Peu à peu, je me dis que je suis entré dans un grand appartement de ville un peu désuet, vide de plein choses. A un moment des trains passent.
C’est un poil sombre, un brin obscur, et forcément, c’est lumineux à sa façon.
L’album n’a pas de titre. On reste donc sur un énigmatique « Projet IK/OT. Du nom des deux protagonistes de l’affaire.
L’ensemble est très compact, très orchestré, très travaillé, avec s’élevant au-dessus des volutes une voix. C’est la signature. Elle dit de belles choses. Des choses très écrites. C’est assez dark. C’est toujours distingué.
Elle ne chante jamais, cette voix. Elle est omniprésente toutefois.
Elle parle. Nous parle. Se parle et pour tout vous dire, elle m’a fait penser à celle de feu Christophe. Pas le timbre qui va dans les aigus, plutôt celui, écaillé, qui chuchote, qui murmure.
Comme si l’équilibre était une corde, pendant que le fond sonore s’ébroue dans son urbanie, avec sérieux, gravité, intensité, rythmique appuyée.
On est en mode nuit, nuit bleue qui dure, ou alors dans cet espace temps où la nuit n’est plus tout à fait et où le jour n’est pas encore. En cela aussi, je pense à Christophe, oiseau de nuit, surtout quand soudain, troisième chanson, bingo ! Une reprise de Christophe… Les Paradis perdus…Claviers épais. Rythme langoureux. Petits sons qui scintillent.
Les deux gaillards du projet YKOT se l’approprient suffisamment bien pour que cela reste dans le ton et du bonhomme, et de l’album.

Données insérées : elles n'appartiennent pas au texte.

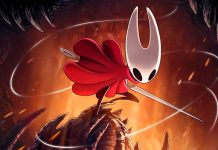 Hollow Knight: Silksong se estrenatras siete años de espera y genera gran expectación en la comunidad gamer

La suite reste dans le même ton, dans les mêmes teintes, la voix nous parle, habillée d’une musique ample et scintillante. Y’a du Bashung un peu, du Manset aussi, du Murat pourquoi pas. Je pense aussi à Bruit Noir.

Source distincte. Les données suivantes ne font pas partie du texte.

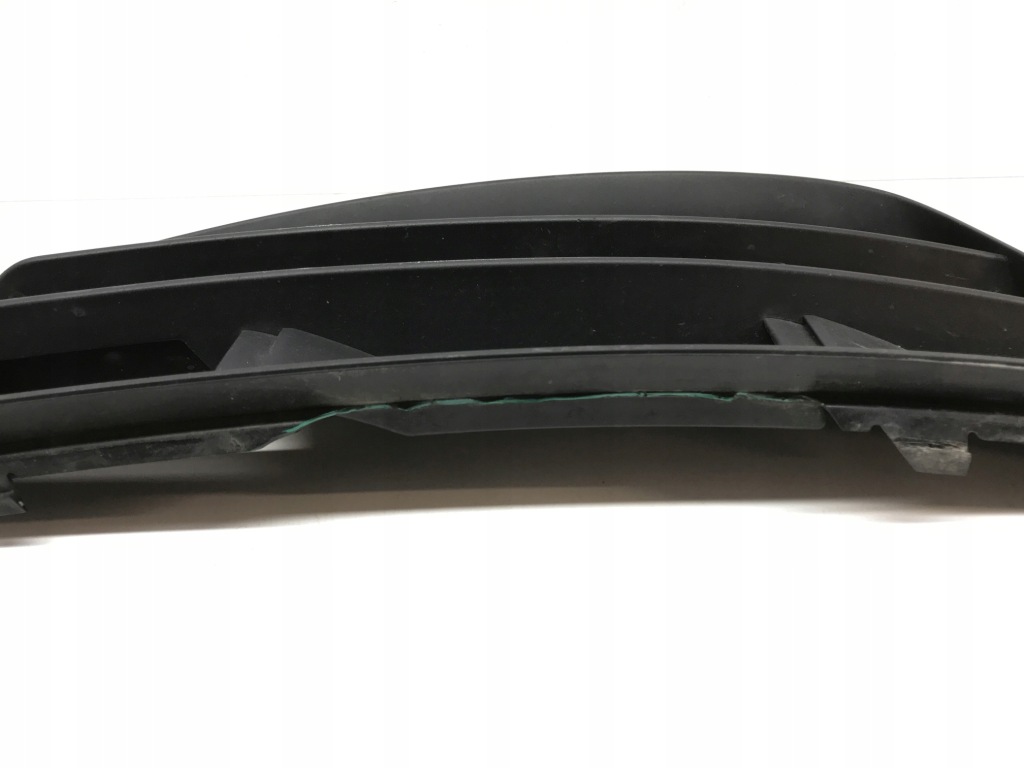 Audi a4 b9 8w0 решётка левая бампера передний перед 8w0807681b Доставка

On se sent dans un appartement, avec de la moquette fatiguée, orangée peut-être. Cendriers pleins de mégots, bouteilles vides, canapés fânés et regards vibrants. L’espoir, compagnon fidèle du désespoir.
Côté titres, cela donne cet ensemble qui a sa propre musique : A la sortie, la part belle, les paradis perdus, Paréidolie, Death in Pardise, Fragment, L’effort, Indéchiffrable, Oeuvre étrange, Politifact.
C’est bien sûr Paréidolie, qui surprend. Suffisamment pour égayer curiosité. Dictionnaire. Il est des artistes qui élèvent. C’est la minute wikipédia.
Une paréidolie (du grec ancien para-, « à côté de », et eidôlon, diminutif d’eidos, « apparence, forme ») est un phénomène psychologique, impliquant un stimulus (visuel ou auditif) vague et indéterminé, plus ou moins perçu comme reconnaissable. Ce phénomène consiste, par exemple, à identifier une forme familière dans un paysage, un nuage, de la fumée ou encore une tache d’encre, mais tout aussi bien une voix humaine dans un bruit, ou des paroles (généralement dans sa langue) dans une chanson dont on ne comprend pas les paroles. Les paréidolies visuelles font partie des illusions d’optique.
Et puisque on est entré par la sortie, la dernière chanson nous invite à autre chose. Le rythme est plus nerveux. La musique plus chantante. La voix termine son périple. Juste à côté. Elle n’aura jamais cessé de nous parler dans son propre langage. Des mots en surgissent, hirsutes, et c’est agréable. Ce n’est pas le corps qui lutte. C’est l’esprit qui attend qu’il s’allège.